The plots thickens as a well-known Iranian journalist is found murdered, and the body of a local fisherman said to be a quiet and reliable family man turns up in a boat shed. Nothing seems to make sense to the Dylans, even when they team up with well-informed and suave Sicilian detective Giuseppe Falzone. But perhaps Thomas should be worried about Julia’s burgeoning friendship with the handsome police officer?
Families of Spies will keep you guessing – and guessing again – as it takes you on a fast-paced and enjoyable romp through Sicily past and present. There’s little time to catch your breath between one plot twist and another.
As in his debut novel, Awakening of Spies, Landers expertly brings to life a vast company of colourful characters. And the novel exudes atmosphere. Landers writes a Sicily that appeals to all the senses – particularly the taste buds. Some of the cuisine the characters enjoy had me drooling!
Personally, I enjoyed this second book in ‘the Dylan series’ more than the first. Perhaps because I knew the characters better. Or perhaps because it’s focused on one mission, in one location, which made the action easier to follow. And as a female reader I enjoyed seeing the couple work in tandem and Julia featuring more prominently alongside Thomas.
Landers’ first book Empires Apart was an exploration of the Russian and American empires, and here he layers his non-fiction expertise in neatly with his creative skill.
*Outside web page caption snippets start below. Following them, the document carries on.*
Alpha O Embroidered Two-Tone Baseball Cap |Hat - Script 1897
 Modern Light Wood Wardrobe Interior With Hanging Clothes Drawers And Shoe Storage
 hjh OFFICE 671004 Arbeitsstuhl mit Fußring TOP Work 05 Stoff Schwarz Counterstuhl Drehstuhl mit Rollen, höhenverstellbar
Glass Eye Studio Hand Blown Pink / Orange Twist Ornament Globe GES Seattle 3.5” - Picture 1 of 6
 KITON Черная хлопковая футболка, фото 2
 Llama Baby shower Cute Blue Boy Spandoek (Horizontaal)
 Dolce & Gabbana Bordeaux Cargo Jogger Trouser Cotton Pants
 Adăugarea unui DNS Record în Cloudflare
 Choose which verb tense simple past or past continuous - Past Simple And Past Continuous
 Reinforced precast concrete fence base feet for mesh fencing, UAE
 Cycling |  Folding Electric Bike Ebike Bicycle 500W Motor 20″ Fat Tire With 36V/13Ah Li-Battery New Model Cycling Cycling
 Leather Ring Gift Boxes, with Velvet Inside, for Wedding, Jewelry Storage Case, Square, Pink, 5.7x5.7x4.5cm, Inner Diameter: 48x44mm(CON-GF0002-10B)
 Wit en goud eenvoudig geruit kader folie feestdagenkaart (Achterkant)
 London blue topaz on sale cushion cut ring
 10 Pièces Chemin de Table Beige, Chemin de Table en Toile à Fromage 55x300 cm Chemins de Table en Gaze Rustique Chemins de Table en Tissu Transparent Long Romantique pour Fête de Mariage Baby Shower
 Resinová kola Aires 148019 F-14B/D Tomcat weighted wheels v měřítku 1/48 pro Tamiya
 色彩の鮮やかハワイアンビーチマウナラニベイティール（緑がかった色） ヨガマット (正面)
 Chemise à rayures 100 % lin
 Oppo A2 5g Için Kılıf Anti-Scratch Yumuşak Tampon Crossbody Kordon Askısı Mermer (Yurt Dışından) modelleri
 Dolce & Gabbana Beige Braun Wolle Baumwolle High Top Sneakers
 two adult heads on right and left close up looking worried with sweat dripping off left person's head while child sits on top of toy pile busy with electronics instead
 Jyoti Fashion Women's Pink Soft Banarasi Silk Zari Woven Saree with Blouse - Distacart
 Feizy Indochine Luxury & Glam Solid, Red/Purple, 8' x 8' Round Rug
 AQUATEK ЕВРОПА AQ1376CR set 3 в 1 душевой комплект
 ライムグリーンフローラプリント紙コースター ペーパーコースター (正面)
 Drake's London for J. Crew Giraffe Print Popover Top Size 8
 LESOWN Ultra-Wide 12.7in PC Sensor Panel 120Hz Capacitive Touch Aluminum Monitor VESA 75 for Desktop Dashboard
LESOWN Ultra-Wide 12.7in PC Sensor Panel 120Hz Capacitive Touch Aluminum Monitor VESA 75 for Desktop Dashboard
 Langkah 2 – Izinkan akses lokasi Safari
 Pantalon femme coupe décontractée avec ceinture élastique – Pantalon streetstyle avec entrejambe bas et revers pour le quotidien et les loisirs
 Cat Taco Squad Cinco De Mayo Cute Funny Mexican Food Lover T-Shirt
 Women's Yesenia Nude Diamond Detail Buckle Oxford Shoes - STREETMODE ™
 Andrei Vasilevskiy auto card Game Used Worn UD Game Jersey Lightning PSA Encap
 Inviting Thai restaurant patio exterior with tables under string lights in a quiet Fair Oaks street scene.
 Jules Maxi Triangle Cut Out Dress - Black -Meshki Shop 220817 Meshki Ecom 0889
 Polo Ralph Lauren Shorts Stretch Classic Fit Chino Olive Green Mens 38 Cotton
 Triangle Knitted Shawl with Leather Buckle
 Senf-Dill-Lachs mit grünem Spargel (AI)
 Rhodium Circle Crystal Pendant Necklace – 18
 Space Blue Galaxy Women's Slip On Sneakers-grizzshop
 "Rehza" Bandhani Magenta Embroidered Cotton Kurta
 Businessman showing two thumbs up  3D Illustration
I learned a lot about the history of Iran, America, the British Empire and post second world war Russia. And about the dynamics of fascism and the Mafia in 20th century Italy. The attention to historical detail makes the novel more credible and convincing.
All in all, this is an intriguing and action-packed sequel to Awakening of Spies. And it makes me want to visit Sicily sooner rather than later!